NONIDEAL J-V CHARACTERISTICS AND INTERFACE STATES OF AN A-SI-H SCHOTTKY-BARRIER

A new theory is developed for nonideal J-V characteristics of Schottky barriers with an interfacial layer. This theory is based on the model that nonideal characteristics are due to changes of population in the interface states under applied bias and accompanying changes of the barrier height. The population in the interface states is expressed by the Fermi level, which can be determined by analyzing experimental results. The J-V characteristics are obtained from the flow of carriers into and out of the interface. Tunneling through the interfacial layer constitutes the bottleneck for the carrier flow. Under forward bias, the carrier concentration ns at the interface is proved to be in thermal equilibrium with the bulk.

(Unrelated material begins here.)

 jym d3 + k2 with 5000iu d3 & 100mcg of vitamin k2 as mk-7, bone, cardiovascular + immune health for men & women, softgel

Under reverse bias, n s is in local thermal equilibrium with the interface states. This theory is applied to an undoped a-Si:H Schottky barrier without introducing any ambiguous quantities. The experimental ideality factor, its dependence on temperature and voltage, and current density are quantitatively explained. By analyzing experimental results, the following behaviors are disclosed. The Fermi level of the interface states is significantly lower than the bulk Fermi level at low forward bias, but it approaches the bulk Fermi level with increasing forward-bias voltage. As for the reverse characteristics, the decrease of the barrier height is proportional to √V in the present sample for applied voltage V. For electrons in the interface states, the probability of tunnel transition to the metal is small compared with that of communication with the conduction band.